At the Holiday Office Party
Although management sometimes likes to keep details of the holiday office party a surprise, try to find out details of the event. Is it a sit down dinner? Buffet? Cocktails and passed hors d’oeuvres? Each has their own special strategies for dealing with temptation.
• Don’t skip any regularly scheduled meals or snacks prior to the party. If you do you’ll be “extra hungry”. This is a recipe for overindulging on foods that are probably not on your regular meal plan. It is okay to plan on having a good time and enjoying the food, but don’t set yourself up for guilt later.
• Keep moving – enjoy the company and camaraderie of co-workers and friends by moving around the room and socializing instead of being near the buffet table. This requires you making a conscious decision to go to the buffet table to eat and helps avoid mindless snacking.

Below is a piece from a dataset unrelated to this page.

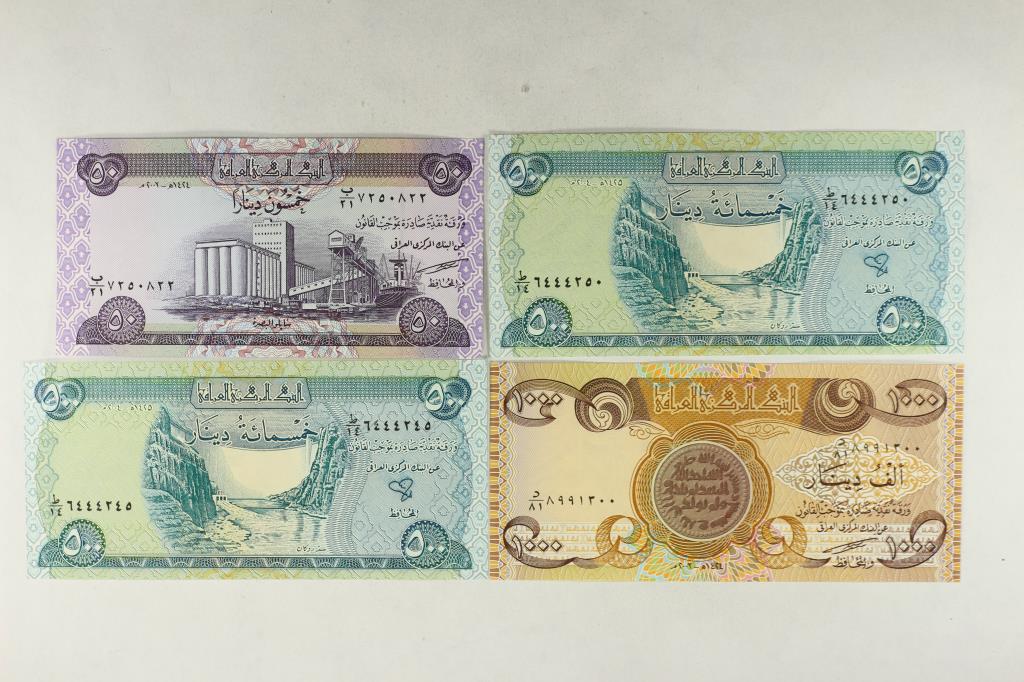 IRAQ 50, 2-500 AND 1000 DINARS CRISP UNC: PLEASE WATCH FOR OUR NEXT AUCTION ON JULY 6TH, 2020 AT 7 PM EDT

• Look over your food options before making a selection – whether it is a buffet table or passed hors d’ouevres, there are always healthier and more diabetic friendly choices available. To be sure you are making the right choices, you can always ask one of the wait staff what appetizers will be served, this way you won’t miss out on what you really want to eat.
• Portion control – You don’t have to bypass foods that you truly enjoy, you just need to eat sensible amounts.

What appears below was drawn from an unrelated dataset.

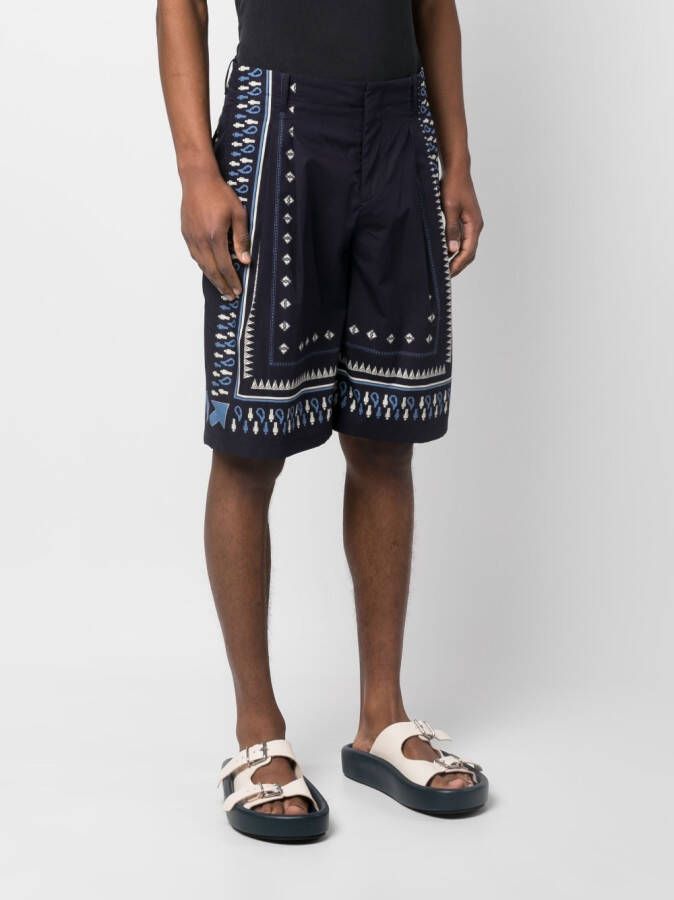 ETRO Shorts met geometrische print Blauw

• Choose your beverages wisely – too much alcohol adds excess calories and impacts your glucose levels. Wine or light beer has between 80 – 120 calories
and is your best choice, if alcohol is a must on your holiday list. Sparkling water with the addition of fruit slices is a festive and low calorie option, not just during the holidays, but anytime.
At the Holiday Dinner
• Many of the strategies for avoiding temptation for the holiday party will also be effective for the holiday dinner.

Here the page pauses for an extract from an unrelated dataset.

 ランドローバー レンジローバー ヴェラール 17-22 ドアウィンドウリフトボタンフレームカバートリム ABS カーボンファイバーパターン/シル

• Offer to bring a dish for dinner that you know is healthy, you like to eat and is on your meal plan.
• If you’ve been waiting all year for the bacon wrapped shrimp, then be sure to have one or two, but not five. Use good sense and exercise the same kind of portion control you would anytime.
• Use substitutions. If you really want those mashed potatoes, then bypass the dinner roll so you can fully enjoy your indulgence.
• Put sauces and dressings on the side – this allows you to more adequately gauge the real portion size.
• Start the meal with a large portion of salad.
• Eat slowly and savor all of the foods you have on your plate. This is good advice all year long. Americans, in particular, tend to eat their meals too quickly. Since it takes about 20 minutes for your stomach and your brain to connect that you are full, it is easy to over eat. Eating slowly allows your body to tell you it’s full before you overindulge.
• Wait before you have dessert.
No matter how well you plan, or how carefully you try to deal with all the temptations of the
holidays, you are likely to overindulge at least once.
The key is to realize it is okay to have a little slip up once in a while and not to beat yourself up over it. Angela Ginn-Meadow, RD, LDN, CDE, with Joslin Diabetes Center, Baltimore says to keep in mind, "That was then, and this is now. Things happen. We're human, don't feel guilty, and just get back on track."
You can do that by getting back on your meal plan as quickly as possible, checking your glucose levels frequently and getting a little physical activity to offset the indulgences.